By Susan J. Lamon | Go to book overview

Chapter 4
Units and Unitizing
1. a. If 1 2/3 = 5/3 is 10 strips, then 1/3 is 2 strips, so 3/3 = 1 is 6 strips.
 a. Because 5 orks = 15 squares, 1 ork = 3 squares and 1/3 ork = 1 square. 1 2/3 = 5/3 orks must be 5 squares. b. If 1/5 is 4 stars, then 5/5 = 1 is 20 stars. 1/4 is 5 stars and 3/4 is 15 stars. c. If 9 triangles = 3/7, then 3 triangles = 1/7. So 5/7 must be 15 triangles. d. If 1/2 is 2 circles, then 2/2 = 1 must be 4 circles. 8/8 is 4 circles and 1/8 is 1/2 circle, so 3/8 is 1 1/2 circles.
2. For the child who is just beginning to study fractions with part-- whole comparisons, this picture is confusing in more than one respect. First of all, it uses two different units. The first two fractions are shaded on a unit consisting of 2 squares, but the third fraction is shaded on a unit twice the size of the first unit. For the child who knows that 1/2 and 2/4 are equivalent fractions, the picture is terribly confusing because equivalent fractions should cover the same area (and hence look the same) on the same area model. However, the addition is not correct and so it makes little sense to try to picture it anyway.

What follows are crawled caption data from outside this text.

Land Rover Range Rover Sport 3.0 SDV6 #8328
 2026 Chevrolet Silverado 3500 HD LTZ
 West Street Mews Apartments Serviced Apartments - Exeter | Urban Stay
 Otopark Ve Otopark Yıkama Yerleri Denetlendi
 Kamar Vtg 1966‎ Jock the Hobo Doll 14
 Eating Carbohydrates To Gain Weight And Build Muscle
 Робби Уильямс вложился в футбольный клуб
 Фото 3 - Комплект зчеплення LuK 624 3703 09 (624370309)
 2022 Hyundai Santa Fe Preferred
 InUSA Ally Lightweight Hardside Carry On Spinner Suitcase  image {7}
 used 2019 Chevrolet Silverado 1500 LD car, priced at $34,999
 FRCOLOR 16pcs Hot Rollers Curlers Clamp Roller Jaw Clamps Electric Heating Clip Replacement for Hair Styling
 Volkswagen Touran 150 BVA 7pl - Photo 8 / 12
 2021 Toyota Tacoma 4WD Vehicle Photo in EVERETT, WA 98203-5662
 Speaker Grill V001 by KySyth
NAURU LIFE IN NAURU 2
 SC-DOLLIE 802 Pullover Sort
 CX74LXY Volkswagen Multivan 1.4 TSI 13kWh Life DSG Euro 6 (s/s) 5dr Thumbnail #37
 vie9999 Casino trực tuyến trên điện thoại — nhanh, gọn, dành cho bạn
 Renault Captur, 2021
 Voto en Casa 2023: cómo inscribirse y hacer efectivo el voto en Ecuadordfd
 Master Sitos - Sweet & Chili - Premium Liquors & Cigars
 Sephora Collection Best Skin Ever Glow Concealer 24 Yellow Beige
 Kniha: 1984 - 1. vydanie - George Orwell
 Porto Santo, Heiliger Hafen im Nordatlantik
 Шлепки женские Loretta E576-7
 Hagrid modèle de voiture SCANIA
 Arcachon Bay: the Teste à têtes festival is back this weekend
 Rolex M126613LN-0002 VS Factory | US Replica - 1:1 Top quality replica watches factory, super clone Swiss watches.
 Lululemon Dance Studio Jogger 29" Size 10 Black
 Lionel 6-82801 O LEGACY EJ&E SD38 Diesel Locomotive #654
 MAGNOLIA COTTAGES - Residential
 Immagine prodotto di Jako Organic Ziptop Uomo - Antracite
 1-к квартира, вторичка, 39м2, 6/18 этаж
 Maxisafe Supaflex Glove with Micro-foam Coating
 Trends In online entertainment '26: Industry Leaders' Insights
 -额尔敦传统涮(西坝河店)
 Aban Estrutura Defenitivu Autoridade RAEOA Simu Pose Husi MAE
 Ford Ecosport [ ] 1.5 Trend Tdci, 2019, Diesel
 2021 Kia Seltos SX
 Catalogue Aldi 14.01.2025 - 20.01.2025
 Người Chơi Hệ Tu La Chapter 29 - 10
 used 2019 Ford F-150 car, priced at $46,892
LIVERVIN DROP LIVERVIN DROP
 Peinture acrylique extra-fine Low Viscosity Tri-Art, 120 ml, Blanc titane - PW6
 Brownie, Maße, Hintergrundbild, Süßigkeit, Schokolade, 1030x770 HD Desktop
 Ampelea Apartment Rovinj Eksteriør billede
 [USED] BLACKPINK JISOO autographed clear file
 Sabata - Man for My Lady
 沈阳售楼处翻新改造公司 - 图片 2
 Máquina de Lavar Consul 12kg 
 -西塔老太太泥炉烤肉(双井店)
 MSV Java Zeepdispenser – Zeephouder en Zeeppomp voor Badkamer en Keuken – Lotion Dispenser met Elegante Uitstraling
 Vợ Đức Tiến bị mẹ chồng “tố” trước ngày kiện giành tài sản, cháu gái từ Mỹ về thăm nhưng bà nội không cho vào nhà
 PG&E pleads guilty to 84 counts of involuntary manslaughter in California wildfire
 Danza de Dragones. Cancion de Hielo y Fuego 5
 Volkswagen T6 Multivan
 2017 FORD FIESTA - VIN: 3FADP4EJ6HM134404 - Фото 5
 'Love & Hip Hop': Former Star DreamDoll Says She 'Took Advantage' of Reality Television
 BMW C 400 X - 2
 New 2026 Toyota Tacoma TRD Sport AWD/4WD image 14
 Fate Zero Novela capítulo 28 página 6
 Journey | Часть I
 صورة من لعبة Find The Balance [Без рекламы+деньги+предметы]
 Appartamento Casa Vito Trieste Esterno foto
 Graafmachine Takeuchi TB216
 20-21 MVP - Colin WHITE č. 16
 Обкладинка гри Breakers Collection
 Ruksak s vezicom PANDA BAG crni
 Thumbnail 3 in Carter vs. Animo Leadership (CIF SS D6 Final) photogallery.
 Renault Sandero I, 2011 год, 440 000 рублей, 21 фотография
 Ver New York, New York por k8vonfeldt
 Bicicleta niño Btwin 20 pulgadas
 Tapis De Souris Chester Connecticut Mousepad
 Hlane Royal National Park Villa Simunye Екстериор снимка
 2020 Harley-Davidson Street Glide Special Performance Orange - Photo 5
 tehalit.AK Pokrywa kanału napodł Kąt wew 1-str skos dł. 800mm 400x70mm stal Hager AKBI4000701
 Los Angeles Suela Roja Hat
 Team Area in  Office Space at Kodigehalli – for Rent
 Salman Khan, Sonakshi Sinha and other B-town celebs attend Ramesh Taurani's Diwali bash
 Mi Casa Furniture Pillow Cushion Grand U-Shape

We would not want to use this picture with children whose only interpretation of fractions was the part--whole comparison. However, as we have already pointed out, the same fraction notation may be used to convey many different meanings. The fractions in this picture may be interpreted as ratios; ratio addition is different from addition with part--whole comparisons. If we interpret the first two pictures as "1 out of 2" then 1 out of 2 and another 1 out of 2 gives 2 out of 4. You can think about this in a baseball context. If you hit 1 ball out of 2 and later in the practice hit 1 ball out of 2, then for the day, you hit 2 out of 4 balls. But even if we limit the discussion to ratio situations, we still must take great care to make sure that pictures correspond with interpretations. For example, we could write 1:2 or 1/2 meaning a ratio of 1 shaded square to 2 nonshaded squares. For this interpretation, the pictures do not work.